Dans la neige pour échapper à la geôle  (Essentials Killing, du Polonais Jerzy Skolimowski) ou relégués au coeur du désert de Gobi (Le Fossé, du Chinois Wang Bing), sur la plage pluvieuse du Lido, les héros de la Mostra ont la rage de survivre.

Sélection surprise de la compétition officielle dévoilée lundi, Le Fossé (The Ditch) restitue une page cruelle de l'édification du Socialisme à la chinoise.

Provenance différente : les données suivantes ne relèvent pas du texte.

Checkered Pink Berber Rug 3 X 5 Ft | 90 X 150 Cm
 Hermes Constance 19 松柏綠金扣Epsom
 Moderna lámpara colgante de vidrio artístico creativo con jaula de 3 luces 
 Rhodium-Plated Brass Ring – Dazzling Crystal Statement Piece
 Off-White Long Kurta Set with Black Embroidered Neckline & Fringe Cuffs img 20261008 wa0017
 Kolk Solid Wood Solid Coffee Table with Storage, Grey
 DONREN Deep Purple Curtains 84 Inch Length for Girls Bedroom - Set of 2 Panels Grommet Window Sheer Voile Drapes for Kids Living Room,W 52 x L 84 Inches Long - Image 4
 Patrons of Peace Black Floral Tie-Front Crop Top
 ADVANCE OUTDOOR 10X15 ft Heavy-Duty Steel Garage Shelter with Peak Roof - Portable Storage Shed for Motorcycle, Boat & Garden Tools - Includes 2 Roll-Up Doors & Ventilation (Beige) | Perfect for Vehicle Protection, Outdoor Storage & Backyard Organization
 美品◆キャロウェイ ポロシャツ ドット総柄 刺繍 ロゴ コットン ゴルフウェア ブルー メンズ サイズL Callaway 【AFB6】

1960, au coeur du désert de Gobi, dans l'ouest de la Chine, nul besoin de barbelés ou de miradors pour garder les réprouvés accusés de «dérive droitiste»: le désert et le vent glacé s'en chargent. Entre bise et poussière, mal abrités dans des tranchées creusées à même la pierre, 1500 rescapés du camp de rééducation de Jiabiangou prennent leurs nouveaux quartiers dans un camp annexe.

Bientôt dispensés des travaux forcés faute de nourriture, ils sont appelés par leur gardien à trouver eux-mêmes de quoi s'alimenter: «L'édification du socialisme connaît actuellement quelques revers», justifie le kapo.

Quelques graines et racines, un mulot pour les plus chanceux, et bien vite les morts, à leur tour, sont convoités par les survivants...

Sur les 1500, à peine 300 en sortiront: c'est leur mémoire que le réalisateur, qui signe sa première fiction après des années de documentaires, a voulu retracer le plus fidèlement possible.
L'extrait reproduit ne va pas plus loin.